A log event leaves behind a timestamp attribute, which tells you the exact moment a certain event happened. Timestamps are critical for ordering events as they let you search logs for specific timeframes, letting you discover what and when an event happened.

Timestamps have many formats without a single standard. They appear at the beginning of the log event in most cases, but can sometimes appear much later in the log, or not at all.

  • By default, New Relic assigns the value of the log timestamp attribute (a reserved keyword) at the exact time the log is ingested.
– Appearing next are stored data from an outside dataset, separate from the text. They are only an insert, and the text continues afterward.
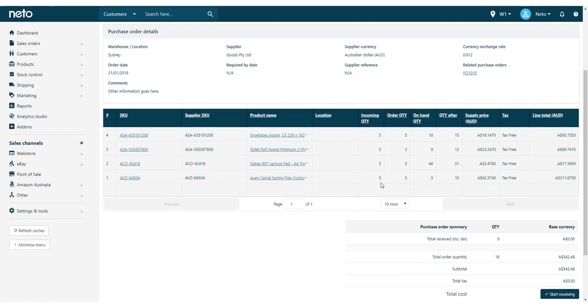If you choose close and split, the stock that wasn't received will be populated into a new purchase order, ready to be received.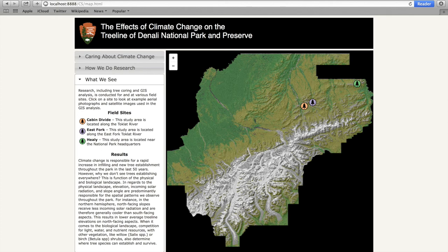Additional future work consists of the inclusion of complete results for the other two field sites, as well as delineating Denali's borders on the climate change maps. We would like to thank Rachel Isaacs and Ryan Mullins for their constant support throughout the development of this application. Thank you.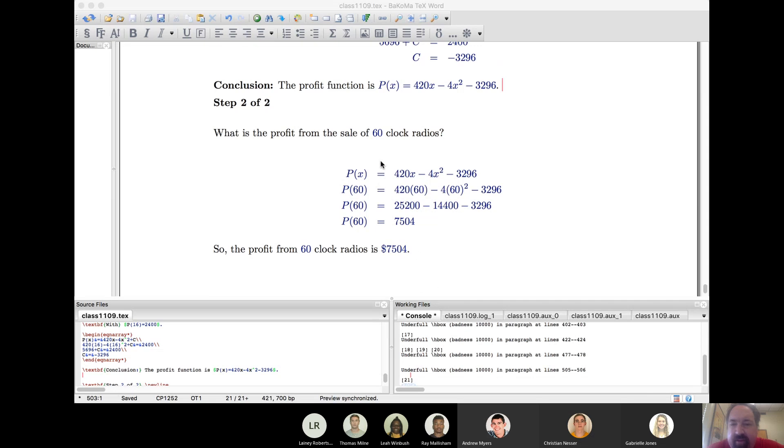So those are how you use integration rules to backtrack from marginal functions — for profit, revenue, or cost — to the original, or from velocity to a distance function. I'll stop recording at this point. That is all for today. Just one lesson to go. Thank you.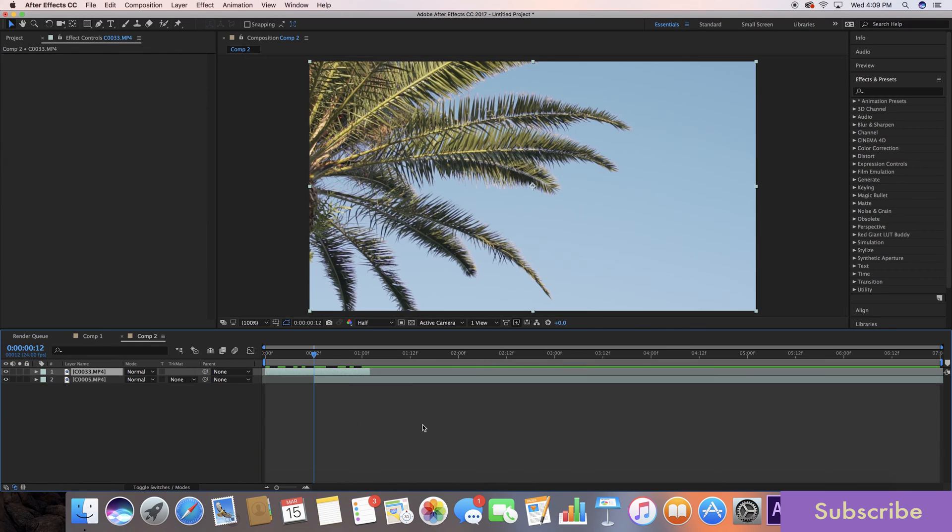So I have another comp already opened up, 1080 timeline, 24 frames per second. I have the two clips that I want to transition and I already have it laid out where I want it to transition.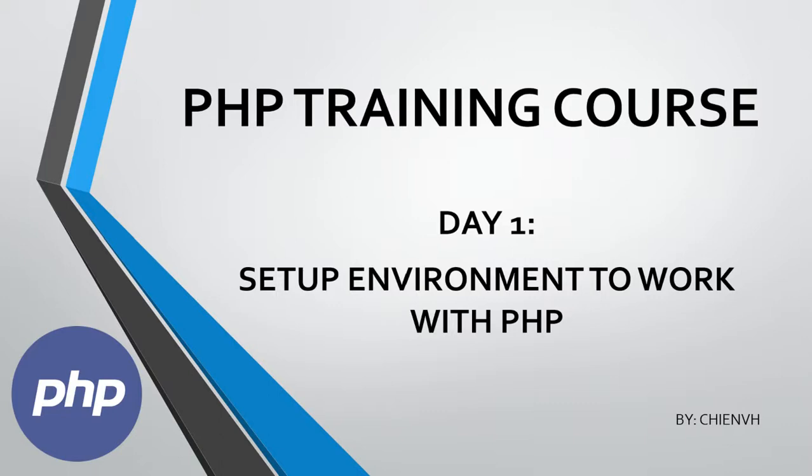Hello guys, welcome to the PHP training course, and today is day one. I will guide you how to prepare and set up the working environment to work with PHP on a local PC.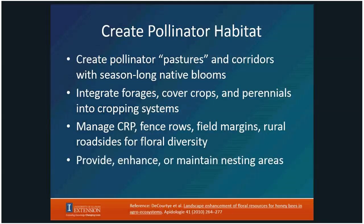Nesting areas: bees have pretty diverse tastes in nesting areas, and it might go against our midwestern aesthetic sometimes, but maybe don't clean up the fallen log, and maybe don't cover that bare patch of sandy soil where there might be a burrowing bee colony. If we have diverse niches in our agricultural landscape there is more likelihood that a species of pollinator is going to take up residence. Sometimes you don't have to provide anything — it's just maintaining or not destroying what would be a place for pollinators to live.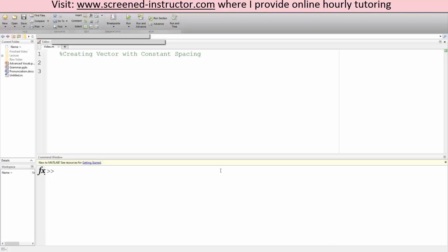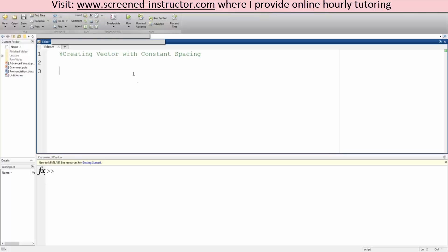In this tutorial we will go over how to create vectors with constant spacing. The first thing we need to do is assign a variable — we can call it anything we want. Let's just call it 'example', so we say example equal, and the constant spacing we're going to do is...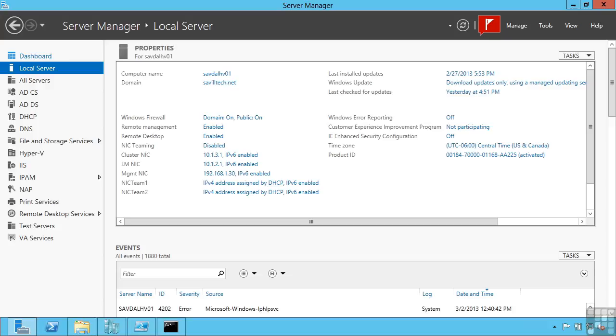However, it's strongly recommended to never mix different speed network adapters together. The algorithms used by NIC Teaming balance the traffic across all of the adapters in the team equally. This means if I had, for example, two 1-gigabit network adapters and a 10-gigabit network adapter in the same team, they would each get an equal amount of traffic, which is not fully utilizing the 10-gigabit connection.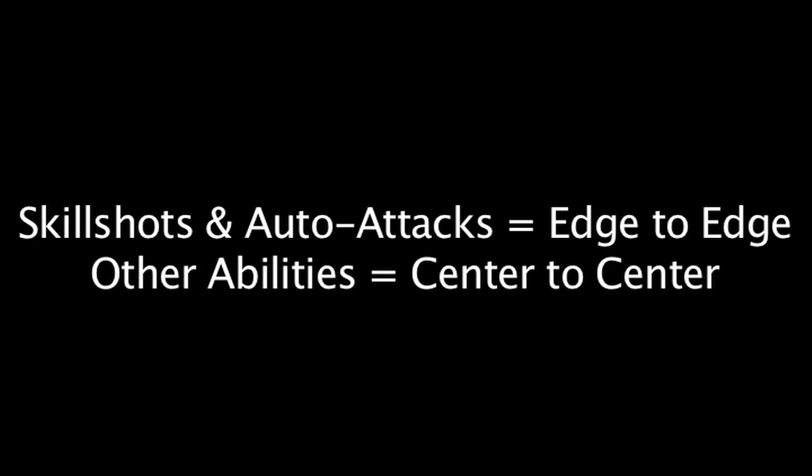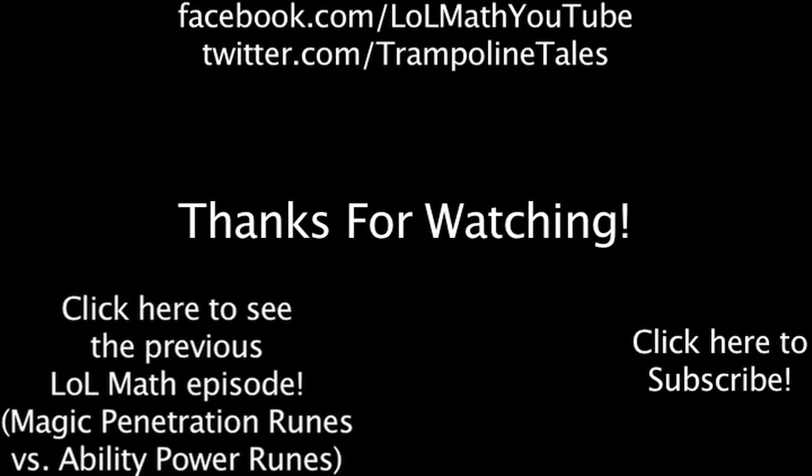Overall, one should keep in mind that skillshot and auto-attack range is measured from edge to edge, not from center to center like other abilities.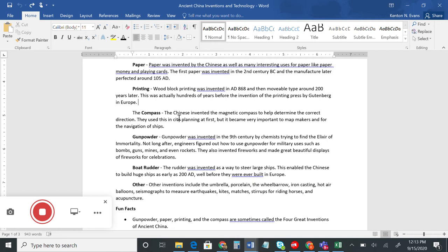Next we have the compass, which came along during the Song Dynasty as we saw in our video. The Chinese invented the magnetic compass to help determine the correct direction. They used it in city planning at first, but it became very important to map makers and for navigation of ships, helping them travel to different places and sail the seas and find their locations.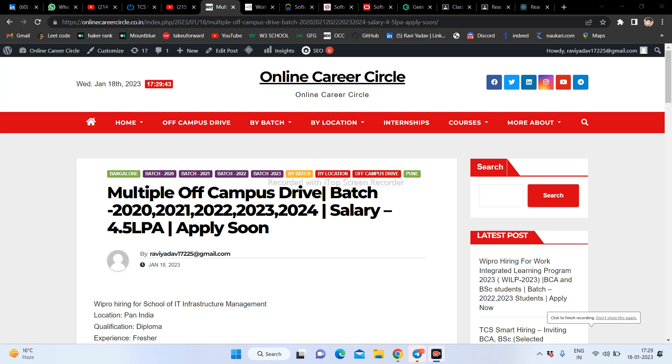Welcome back to my YouTube channel, Online Career Portal. I am here with you again. Today we are talking about a good company with a lot of opportunities. We will discuss the details, and today I am starting with the official website of Online Career Circle.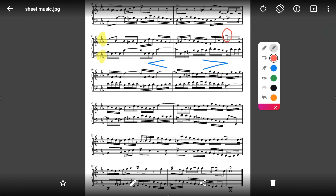Use the undo and redo buttons to make quick corrections. Use the eraser to erase a bit of an annotation, or use clear all annotations to start fresh.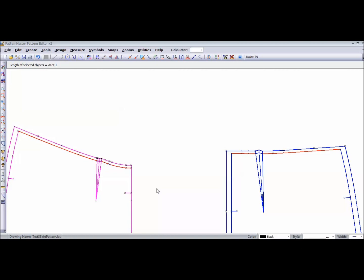But for the sake of this example, I'm just going to make a waistband that's 21 inches. And of course, that's on the half, on the fold. Just draw a line, a horizontal line, and type in 21.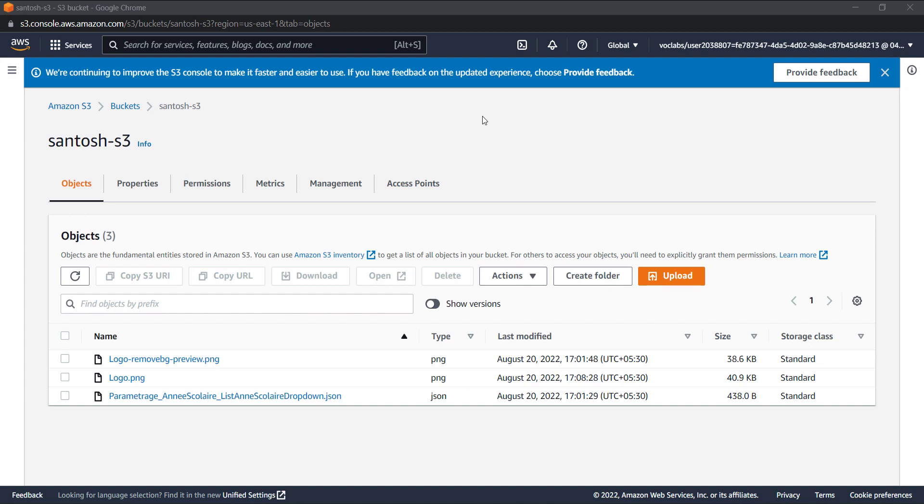Hi guys, today we are going to see how we can restore a deleted file from AWS S3, considering that the versioning is enabled.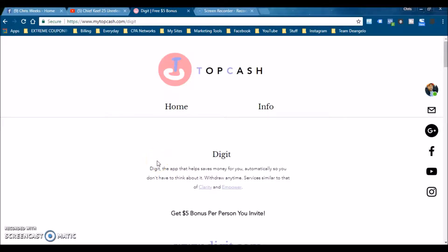What's up everybody, welcome back. This is Chris, and in this short video here I'm going to share with you a little bit about Digit and how it can save money for you every day without you even thinking about it.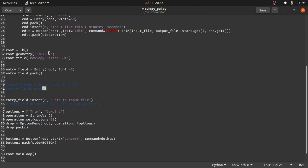We gave it a title, geometry, entry field where we entered the path to the video that we want to edit. So next, next what we did here, these are the operations.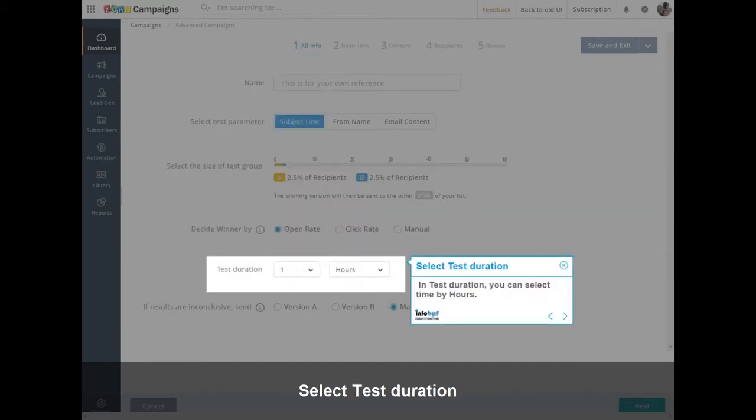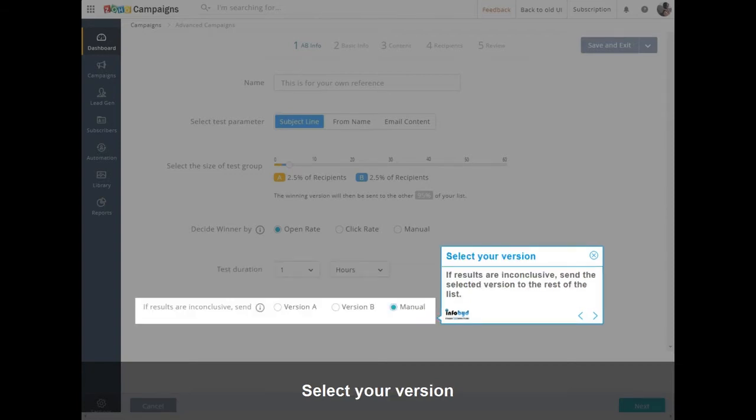In Test Duration, you can select Time by Hours. If results are inconclusive, send the selected version to the rest of the list.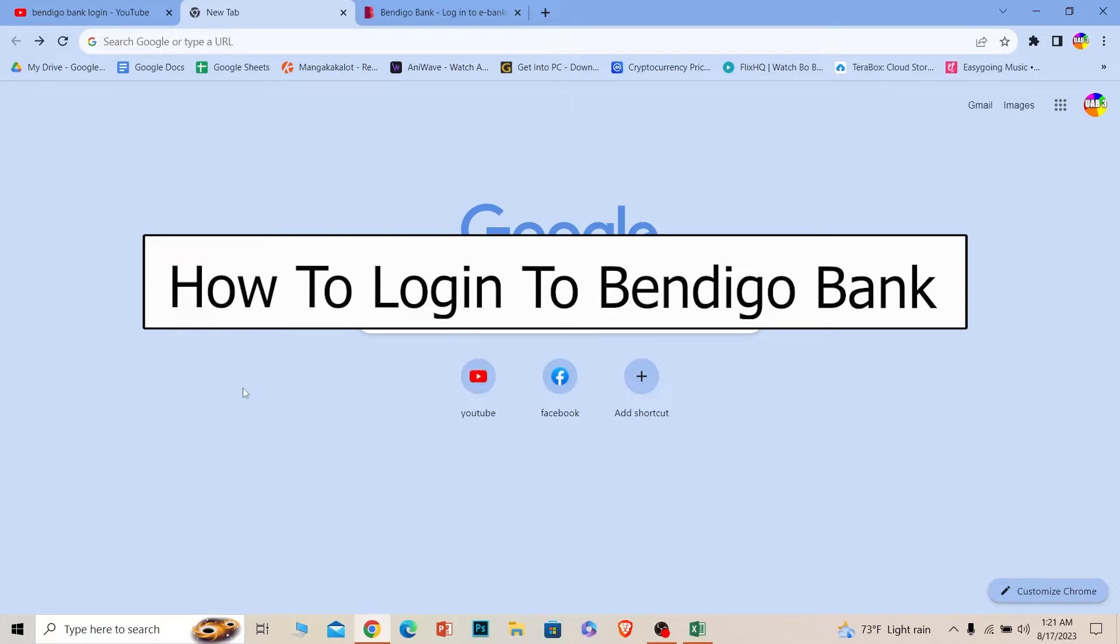Welcome to our channel One Step where we post tutorial videos. Today I'll teach you how to login into your Bendigo bank account.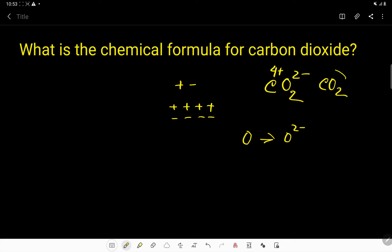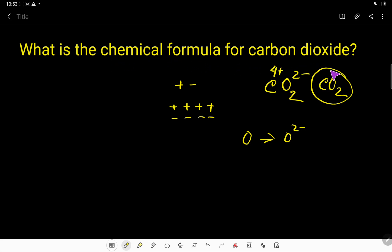CO2 is the chemical formula for carbon dioxide. Thank you for watching this video. Be well.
This is referred to as the ingest time.
  • When logs don't have a timestamp attribute, New Relic assigns a timestamp at time of ingest.
  • Logs in a JSON format contain some attribute that identifies the timestamp, like timestamp, log_timestamp, time, etc.
  • If we receive JSON logs with with a supported timestamp format, we override our ingest timestamp with the JSON attribute.

Supported logs timestamp format

There are two options for manually overriding default behavior to assign the timestamp value contained in the log.

  1. If we receive a JSON formatted log containing a timestamp attribute in one of our supported time formats, the ingest timestamp will be overridden. Instead, the the timestamp value from the JSON attribute will be used.
  2. You can use parsing rules to override the ingest timestamp value. Parsing rules let you extract out data to format your timestamp with one of our supported formats. You can also use datetime Grok type and a pattern to define the custom timestamp format in your log.

We support two timestamp formats:

Supported timestamps in JSON logs

If we receive a JSON formatted log with a timestamp attribute, we override the default ingest timestamp value with the original JSON value. If there's no timestamp field, or the field is incorrectly formatted, the log will be stored with the ingest timestamp. Keep in mind that a payload with timestamps older than 48 hours are dropped.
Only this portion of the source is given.